The most likely area of damage is in the area of either RCC
Panel 8 or 9 and the T-seal between them. This is based upon
many, many measurements that are outlined in our scenario
here, particularly the temperature sensors which rise very
early and the strain gauges which indicate unusual strain
very, very early in the re-entry.
Furthermore, forensic evidence of the debris further suggests
to us that the pieces of RCC No. 8 and 9 and the surrounding
pieces which we have recovered do show some patterns which
suggest to us that the entry of heat started in the area of
RCC No. 8 or 9 or one of the T-seals. We've listed some of
the issues here. Extreme heating, the deposit of metal, the
fact that some of the RCC material which we've recovered has
been flame-eroded to a knife-edge sharp corner on it indicates
that there was a heat flux past the RCC.
Next, please. We've drawn this out for you here just to show
what we're talking about. We put a little blob around here
to indicate that I'm not sure that we know exactly where it
is. We haven't figured it out to the inch yet, but we're getting
pretty close. It's RCC Panel No. 8 or 9 or the T-seal in between
and we've brought along a model here, too, so you can see
as we describe how the heat gets in there. Sometimes a model
helps. What we're suggesting is that the heat entry started
right around in there -- and this is just a blowup of it --
someplace around RCC Nos. 8 or 9.
Next. This graph here shows the deposit of slag on the RCC
panels. This leads us to believe that because the slag deposits
are extraordinarily heavy in the area of 8 and 9, and just
plain heavy in kind of 7 and 10, that this is the area that
was predominantly affected by the highest temperatures for
the longest period of time and that metal from the internal
parts of the leading edge was melted -- probably more melted.

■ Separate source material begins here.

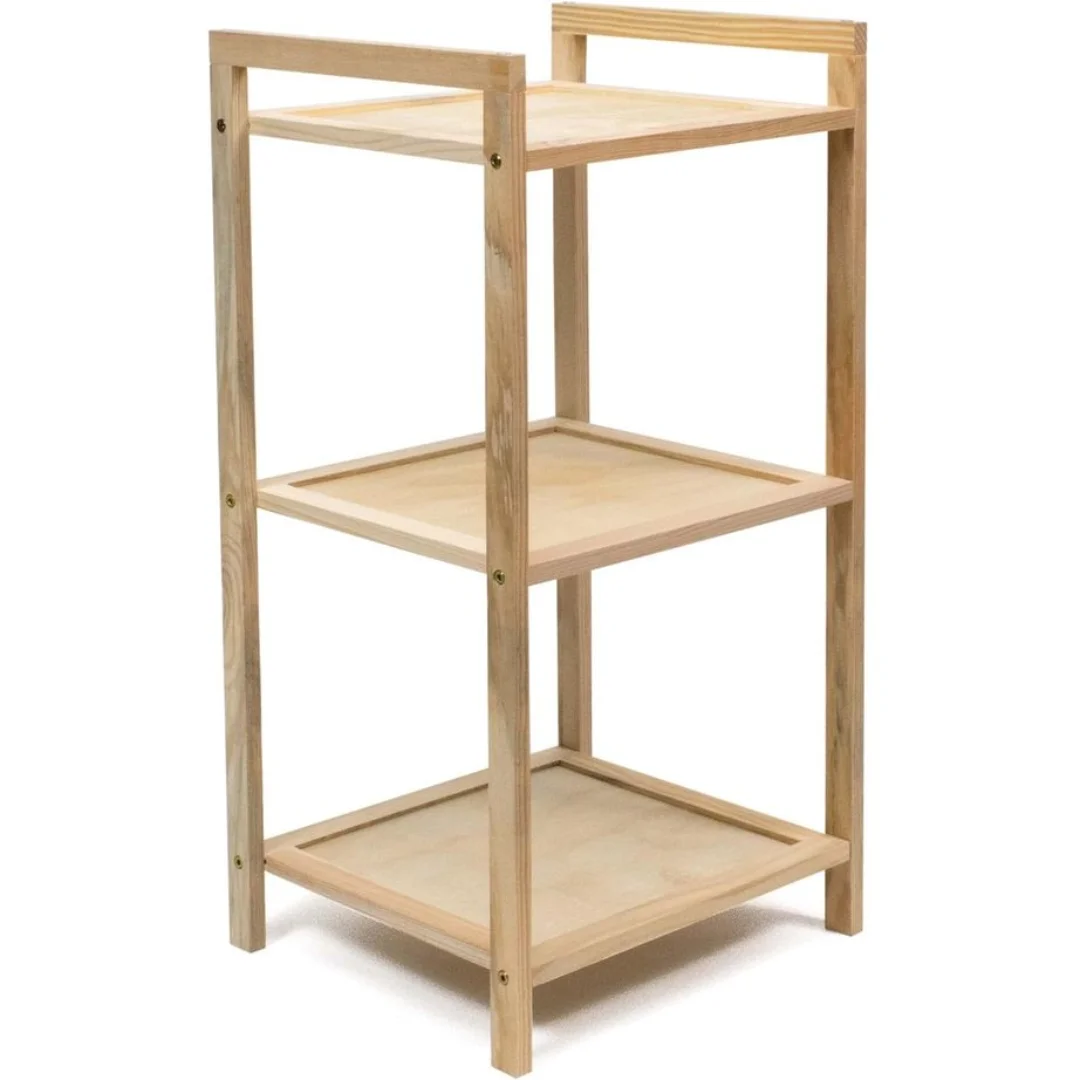 NAKLOE - Estanteria - Estanterias de madera - Estanteria y organizacion - Estanteria baño -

It may even have been vaporized to the point where it was
actually flame-sprayed in some of these cases. A lot of it
is just melted. It's slag. It's melted metal of several different
types. This again is another piece of evidence which leads
us to focus on RCCs Nos. 8 and 9.
Next. This is a view of Panel No. 9 on the left, Panel No.
8 on the right, as if you were standing inside the wing, looking
forward. In other words, the flanges, you might say, are even
with the screen and the apex is away from you. In other words,
we're looking into the RCC panels. Of course, the T-seal goes
in between 8 and 9. So this flange here and this flange here
would be about 1 1/8 inches apart from each other, with a
T-seal in between. These are the pieces which are eroded to
knife-edge thin, with a sharp edge, which indicates that --
and what we don't have any color on here, we don't have. We
don't have that piece of debris. It's gone and we can't find
So this is leading us to believe that perhaps on the lower
side right here that heat got in here someplace either from
the RCC itself, the T-seal, or this RCC, and as it blew by
these edges here, it sharpened them to knife-edge sharpness.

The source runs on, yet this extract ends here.